Dziś książki nie okładamy w gazety, nie trzymamy w zamkniętej biblioteczce. „Książka jest dla umysłu tym, czy gimnastyka dla ciała”- na naszym kolejnym spotkaniu połączyliśmy czytanie z gimnastyką.
Wyszliśmy z książką na trawniki otaczające bibliotekę, zasiedliśmy na małych okrągłych dywanikach i "wystartowaliśmy w świat wyobraźni". Każdy wybrał z naszych zbiorów swoją ulubioną książkę, którą przedstawiał innym lub czytał na głos. Chcieliśmy dzielić się książkami i radością czytania.
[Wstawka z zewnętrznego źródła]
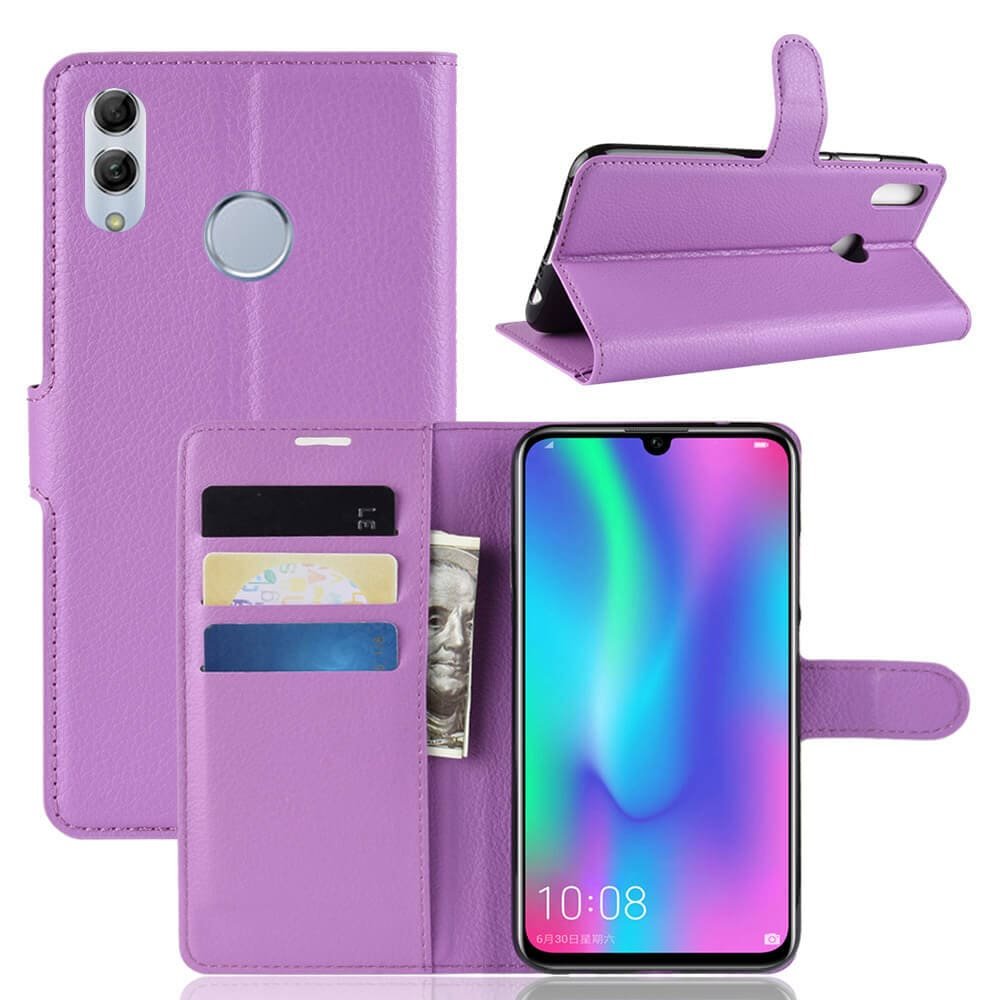 Funda Libro Honor 10 Lite Soporte Violeta.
W trakcie spotkania rozegraliśmy mini konkursy tj. skakania na skakance, gry w piłkę nożną czy zbijaka. Dla głodnych i spragnionych mieliśmy kukurydziane kolorowe kulki oraz lodową rozpuszczalną herbatę.
Po wyczerpującym pobycie na świeżym powietrzu, wróciliśmy do biblioteki stworzyć "Czytaczka-Kudlaczka". Co wcale nie było łatwym zadaniem, ponieważ okazało się, że większość uczestników naszego spotkania nigdy nie miało w ręce igły i nitki do szycia.